To the editor:
Imagine a perfect lake day here in the Tri-Lakes region: not too many boats, beautiful water temperatures and clear skies. Or, imagine the satisfaction of hiking a high peak. That is something to go down in your own record book. There is so much to do here in our area. Whatever your interests, it probably involves being in our great outdoors in the Adirondacks.
But I say that the best time to be in our outdoors is when the sun goes down and the moon comes up. Our nighttime skies are some of the clearest in New York state. There are only six remaining places on Earth where you can obtain total darkness at night. These are classified as regions that have "zero light pollution." These areas include central Africa, the Amazon rainforest in South America, western Australia, Antarctica and parts of both the Pacific and Atlantic oceans. The website www.lightpollution.it has maps showing how light-polluted the skies are around the world. With large cities so close to our region such as Montreal, Albany, Burlington and Syracuse, outside of the Adirondack Park, our New York skies are polluted.
The village of Saranac Lake gives off more light pollution than Tupper Lake does, as seen from Upper Saranac Lake.
(Photo — Jack Yanchitis)
Whether you are a local, tourist or second home owner in this area, I encourage you to go see our beautiful nighttime skies. Www.earthsky.org says that there are only 10 more nights of meteor showers this year, where we can see upwards of 15 shooting stars per hour.
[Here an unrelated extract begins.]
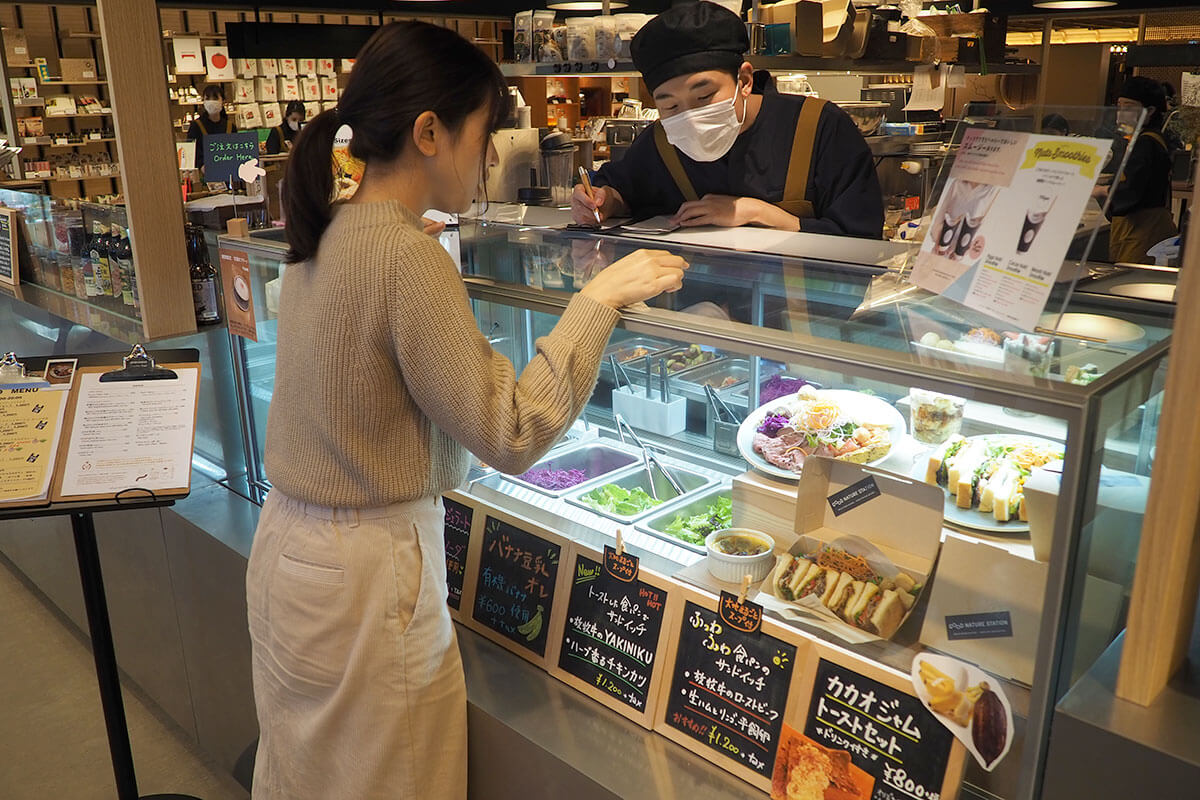 これは何が入ってるんですか?と質問攻めにするWebLeafスタッフ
I enjoy shooting exposure photography at night, and this has allowed me to take some pretty incredible shots of star trails and time lapses on various islands on Upper Saranac Lake. When the sky is perfectly clear and the moon is not around, it is incredible to gaze at the Milky Way spanning the sky from one end of the lake to the other.
Summer is only here for another 20 nights. Go see what's up there.